At the same time, the Mini has occasionally been called a heart over head purchase.

To understand this, we’ll now take a look at the three generations which shaped the mini mk II legacy.

Generation 1: 2001-2006

The success of the Mini was not a coincidence. It was carefully planned. When BMW sold off Rover in 2000, careful observers already noted that it had surprisingly kept the rights to the mini Cooper. Clearly, something was stirring underneath the surface. Only a year later, BMW went public with the design that would wrap thousands around it finger.

Even the design process is the stuff of legends now. When the team was about to present a clay model of the car to the BMW directors, they discovered, with a shock, that they’d forgotten the exhaust pipe. Designer Frank Stephenson quickly built one using elements from a coke can. The result looked extremely cool – and would remain one of the defining features of the final design.

That said, there were plenty of problems with the first generation Minis. Generally speaking, the manuals seemed to work better than the Automatics and the Supercharge automatics were a lot better than the regular ones. The cars generally had a high failure rate – we’ll get into this in more detail later.

Generation 2: 2006-2013

When people complain about the unreliability of the Mini, they are generally referring to the first re-design generation. As car expert Mike MDs explained in an informative video, the second generation addressed and fixed a lot of those issues. From his point of view, the second iteration of the mini Cooper seems like the golden generation and, simply put, “great fun”.

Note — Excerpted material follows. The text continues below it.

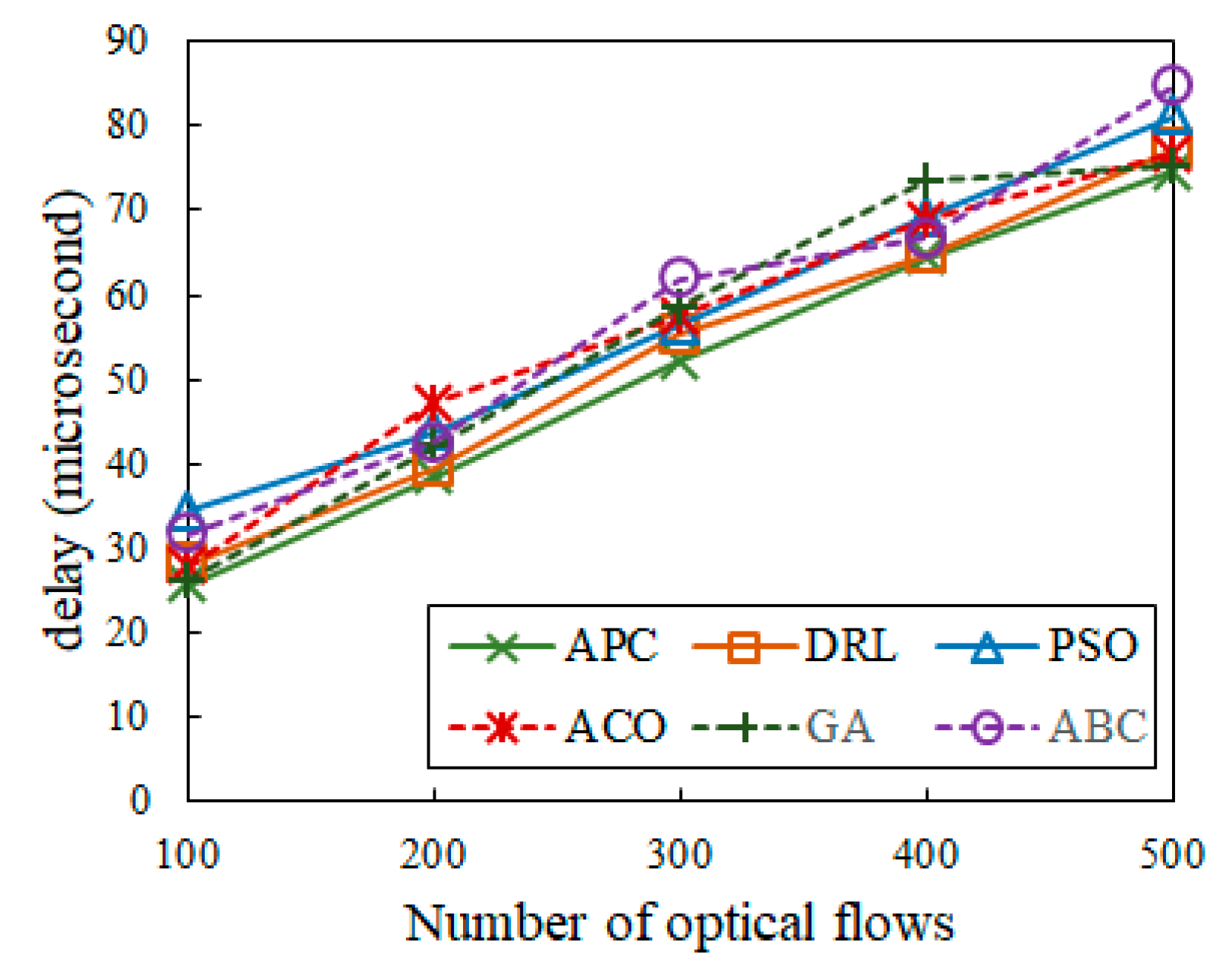 Photonics 12 00693 g011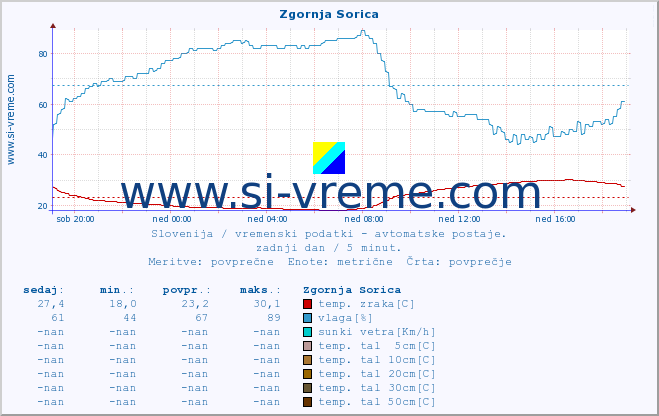 POVPREČJE :: Zgornja Sorica :: temp. zraka | vlaga | smer vetra | hitrost vetra | sunki vetra | tlak | padavine | sonce | temp. tal  5cm | temp. tal 10cm | temp. tal 20cm | temp. tal 30cm | temp. tal 50cm :: zadnji dan / 5 minut.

One of the main differences with the previous model series are the engines. The Supercharger was no longer part of the palette. Instead, all models came as a turbocharger. This added a lot of power.

Early second generation cars still had some serious design faults. Two issues in particular stood out: Oil starvation and problems with the fuel pipe. We’ll talk more about these in specific sections of this article. In a 2011 update, BMW resolved even more of the remaining problems.

Despite these quirks, the Mini remained insanely popular. Between 2001 and 2012, it sold 2,5 million units. These are number reminiscent of its prime in the 60s and 70s.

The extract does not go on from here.